▶ _WHAT IS NEEDED_: A stretch of the entries below is to be set down exactly, running from the line with "Mardi Gras Cruise" through the line with "Buck Deer Blanket", both included, and no other line.

▶ _EXERCISE MATERIALS_:
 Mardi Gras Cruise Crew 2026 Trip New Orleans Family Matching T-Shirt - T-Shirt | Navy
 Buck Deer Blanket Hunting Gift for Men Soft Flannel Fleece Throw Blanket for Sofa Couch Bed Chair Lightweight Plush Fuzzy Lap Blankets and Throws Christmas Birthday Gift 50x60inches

* * *

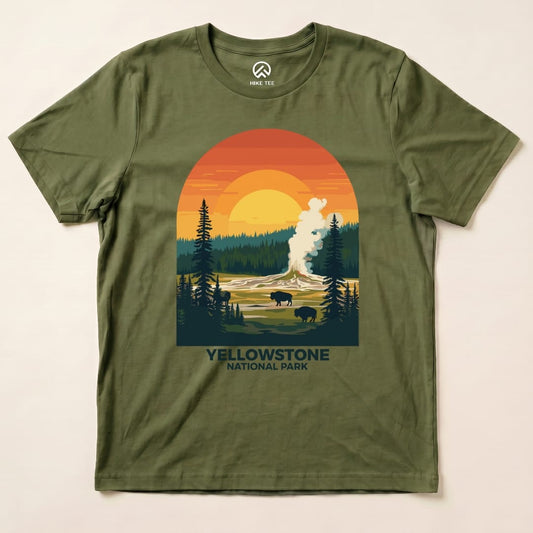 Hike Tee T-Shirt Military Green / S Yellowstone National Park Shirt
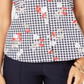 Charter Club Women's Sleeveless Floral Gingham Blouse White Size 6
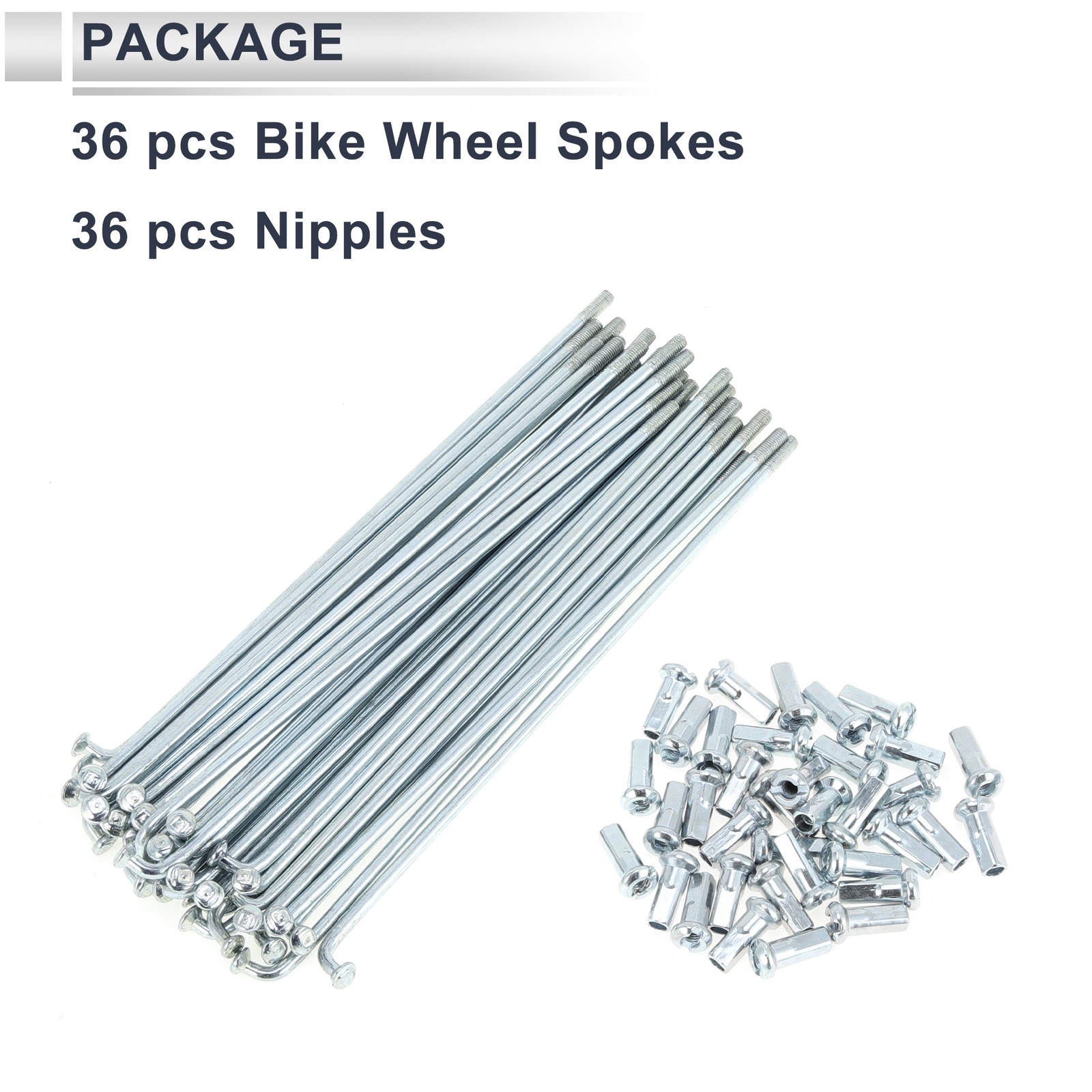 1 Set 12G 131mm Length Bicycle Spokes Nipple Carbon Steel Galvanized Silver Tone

▶ _OUTPUT OF THE TASK_:
 Mardi Gras Cruise Crew 2026 Trip New Orleans Family Matching T-Shirt - T-Shirt | Navy
 Buck Deer Blanket Hunting Gift for Men Soft Flannel Fleece Throw Blanket for Sofa Couch Bed Chair Lightweight Plush Fuzzy Lap Blankets and Throws Christmas Birthday Gift 50x60inches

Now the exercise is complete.